How to Unlend Tokens Stuck on Fulcrum: ETH, DAI, USDC ect…

A second “flash loan” attack on the decentralized lending protocol bZx saw the perpetrator net $630,000 USD in ETH profits. This followed a previous attack on bZx which caused losses of 1,193 ETH.

The second attack on bZx occurred on February 18th, just four dates after the first attack. As with the first attack, this also led to a suspension of the protocol. Also mirroring the first attack, this exploited flash loans in order to create a pump and dump via Uniswap.

The attack occurred as follows. First, the attacker obtained a 7,500 ETH flash loan from bZx. They then traded 3,517 ETH for 940,000 Synthetix USD (sUSD). sUSD is a stable coin that is pegged to the US dollar. The attacker then moved on to using 900 ETH to buy sUSD on both Kyber and Uniswap. This temporarily pumped the price of sUSD by a factor of two and a half times the existing market rate.

With sUSD now artificially inflated in price, the attacker was able to use the 940,000 sUSD as collateral on a loan of 6,796 ETH on the bZx platform. With this newly borrowed ETH and the ETH that was taken from the original loan, the attacker then repaid the original 7,500 flash loan. Taking a profit of 2,738 ETH. The end result was the bZx now had a loan which is was severely under collateralized.

bZx identified the manipulation of the oracle as the source of the problem. Oracles serve as blockchain intermediaries that provide the external data for smart contracts. In this case, the oracle conveyed the artificial inflated sUSD price.

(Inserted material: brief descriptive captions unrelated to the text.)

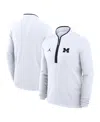 Jordan Men's White Michigan Wolverines Courtside Victory Dri-fit Half-zip Pullover Sweatshirt In White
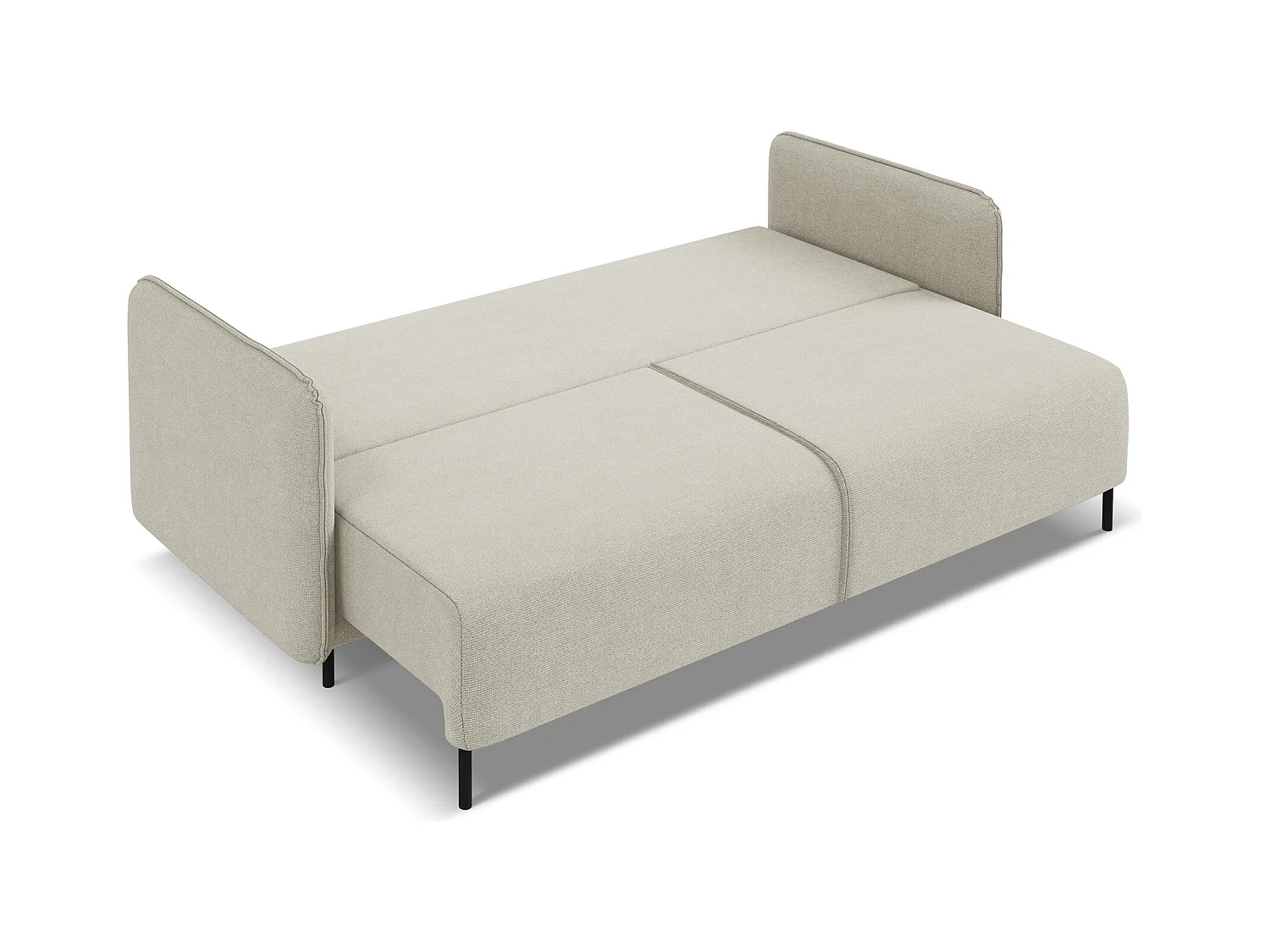 3-Sitzer Sofa mit Schlaffunktion - - Strukturstoff - Hell beige - LUANA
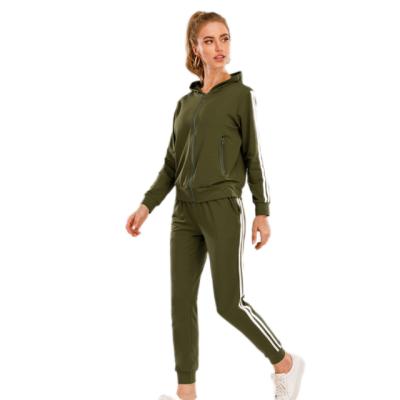 China Yoga Fitness Sports Suit Autumn Hooded Female Winter New Stripe Splicing Suit for sale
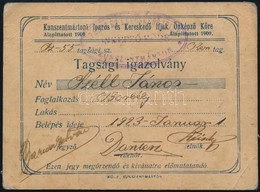 1923 A Kunszentmártoni Iparos és Kereskedő Ifjak Önképző Köre által Borbély Számára Kiállított Tagsági Igazolvány - Non Classificati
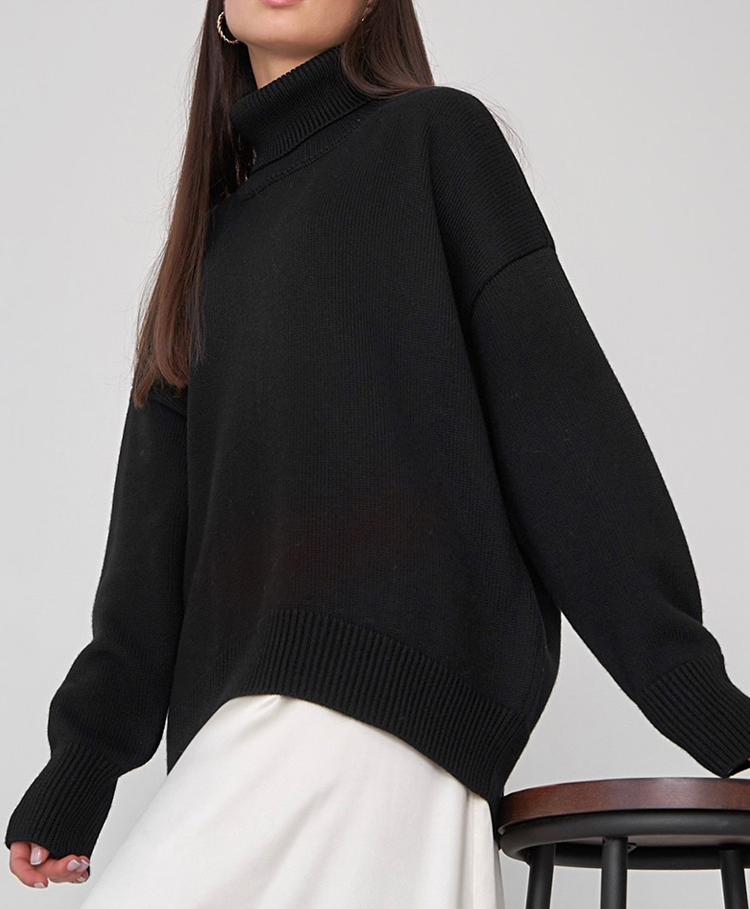 

Женский свитер оверсайз, зеленый винтажный пуловер, джемпер, женский зимний толстый теплый вязаный свитер, мягкая белая водолазка для женщин L чёрный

This allowed to the attacker to obtain the under collateralized loan.

Faux-Decentralizated Platform

As a result of the attacks, Fulcrum made a decision to freeze the platform, even though it was stated to be Decentralized, which exposed to be untrue and that is in fact a centralized platform.

The team was equipped to use an “admin key” to shut down the platform at anytime.

Concerned lenders on Fulcrum became paranoid and rushed to take out their money, leaving the lending pool dry at 100% utilization, which now prevents anyone else to take out their funds from the platform directly.

Fulcrum showing Incorrect Lending Balance Due to Lack of Liquidity & Shutdown

Unlending using Smart Contract Conversion

A temporary solution was released a few days later by the team to allow lenders to unlend the remaining funds using a smart contract until the platform is fully restored. The smart contract simply converts iTokens like iETH, iDAI, iUSDC ect… back to their regular state. The single prerequisite is access to the wallet that holds the iTokens using a WEB3 compatible browser like MetaMask, or Trust Wallet.

How to Unlend Tokens from Fulcrum: (iETH, iDAI, iSAI, iUSDC)

1. Visit Fulcrum’s iToken Conversion DApp to convert your iTokens.
2. Choose the Token you Want to Convert using the Smart Contract.
3. Enter Amount to Convert & Submit Transaction (Make sure to have some ETH to pay for GAS fees). Once the transaction is confirmed, the tokens will be visible in your wallet in their original form.